### Activity
In the entries below, find the line containing "Number 4: Let's" and the line containing "Welcome to TMS". Copy those two lines and everything between them exactly, without the pictures.

### Supplied entries
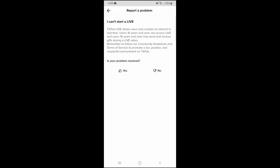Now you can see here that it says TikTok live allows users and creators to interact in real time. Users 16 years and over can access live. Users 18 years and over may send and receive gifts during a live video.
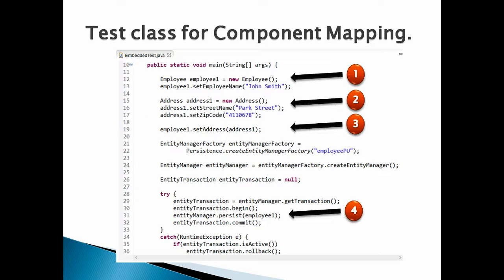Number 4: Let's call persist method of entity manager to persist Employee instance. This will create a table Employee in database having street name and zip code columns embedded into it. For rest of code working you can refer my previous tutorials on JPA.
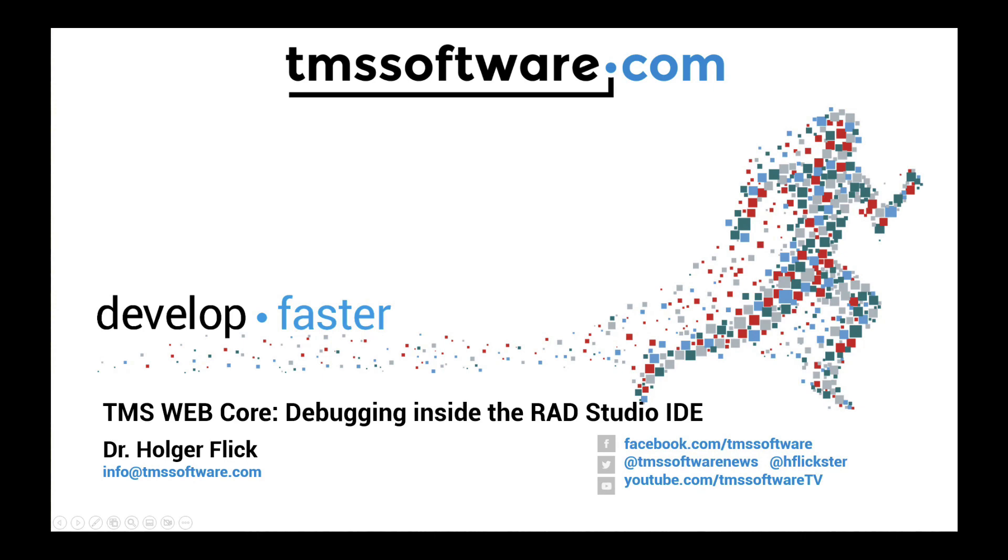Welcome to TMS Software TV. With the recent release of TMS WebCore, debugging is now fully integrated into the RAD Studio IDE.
...
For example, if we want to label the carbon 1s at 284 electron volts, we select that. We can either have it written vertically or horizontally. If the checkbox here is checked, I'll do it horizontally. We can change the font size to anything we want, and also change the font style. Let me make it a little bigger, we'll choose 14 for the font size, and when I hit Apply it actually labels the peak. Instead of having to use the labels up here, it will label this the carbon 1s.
---
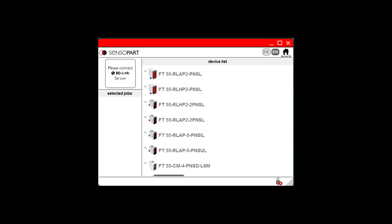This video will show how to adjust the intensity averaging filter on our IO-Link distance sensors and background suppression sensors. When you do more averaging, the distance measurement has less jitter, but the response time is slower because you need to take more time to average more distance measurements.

### Task result
Number 4: Let's call persist method of entity manager to persist Employee instance. This will create a table Employee in database having street name and zip code columns embedded into it. For rest of code working you can refer my previous tutorials on JPA.
Welcome to TMS Software TV. With the recent release of TMS WebCore, debugging is now fully integrated into the RAD Studio IDE.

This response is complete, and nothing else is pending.